┏━━

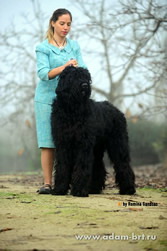 Adam Racy Style IGOR - CHAMPION OF COUNTRIES SOUTH AND LATIN AMERICA!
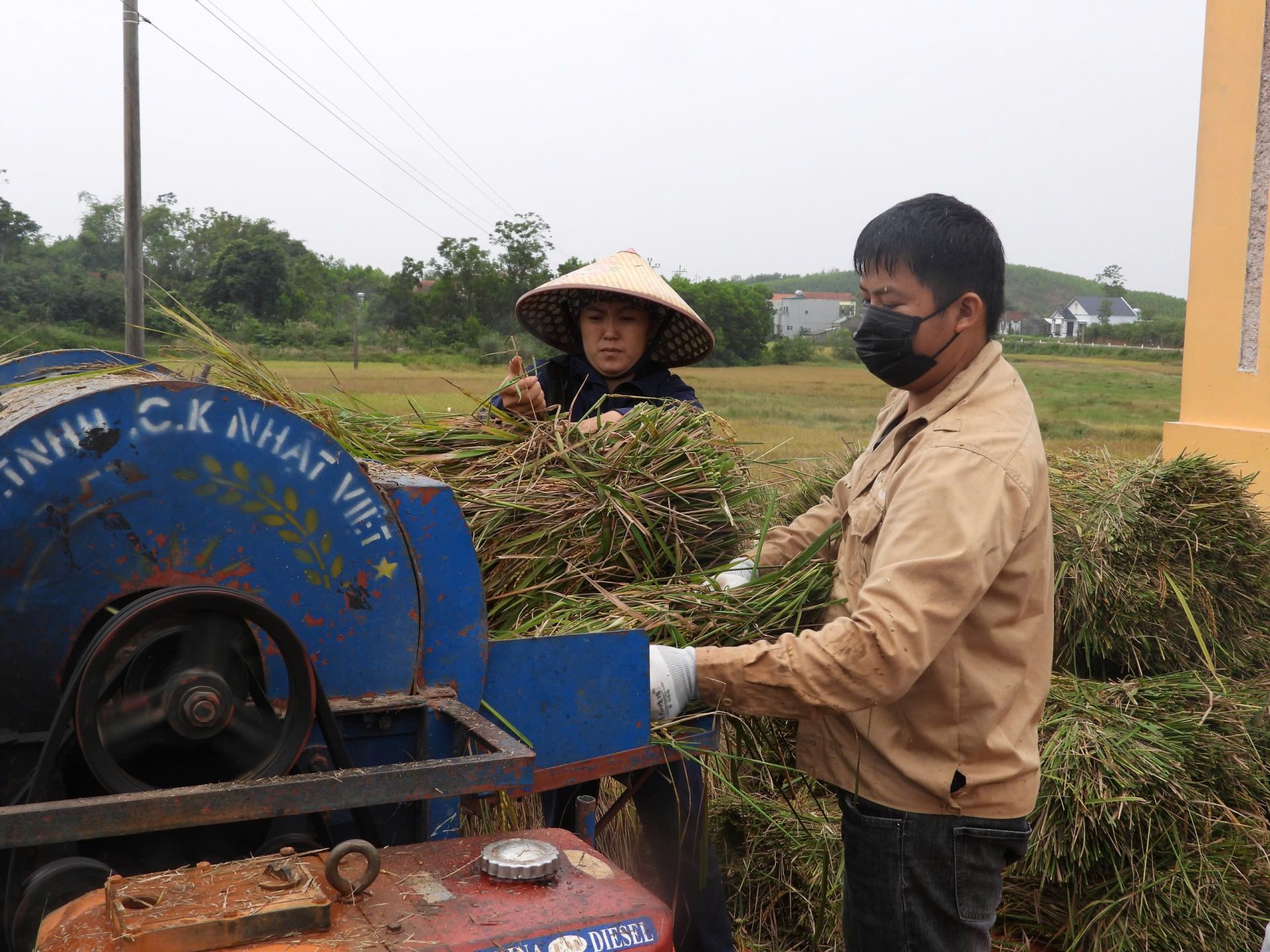 Gieo cấy l&uacute;a M&ugrave;a ở Quảng Ninh đạt 53% kế hoạch năm 2026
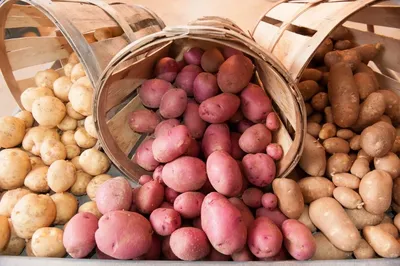 Урожай картофеля – Одерихино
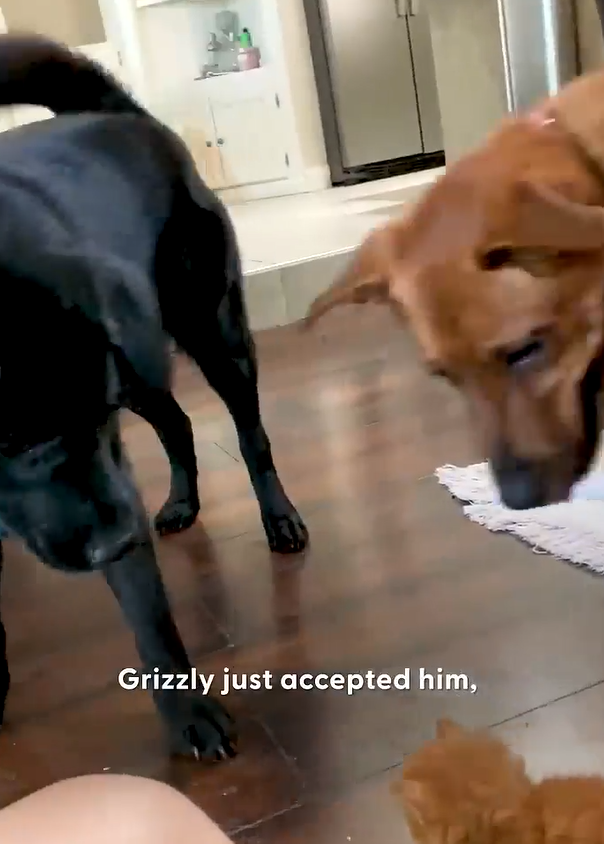 Grizzly just accepted him,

┗━━

* **WORK INSTRUCTION**: Restate the data word for word while omitting each picture.

* **WRITTEN RESPONSE**:
 Adam Racy Style IGOR - CHAMPION OF COUNTRIES SOUTH AND LATIN AMERICA!
 Gieo cấy l&uacute;a M&ugrave;a ở Quảng Ninh đạt 53% kế hoạch năm 2026
 Урожай картофеля – Одерихино
 Grizzly just accepted him,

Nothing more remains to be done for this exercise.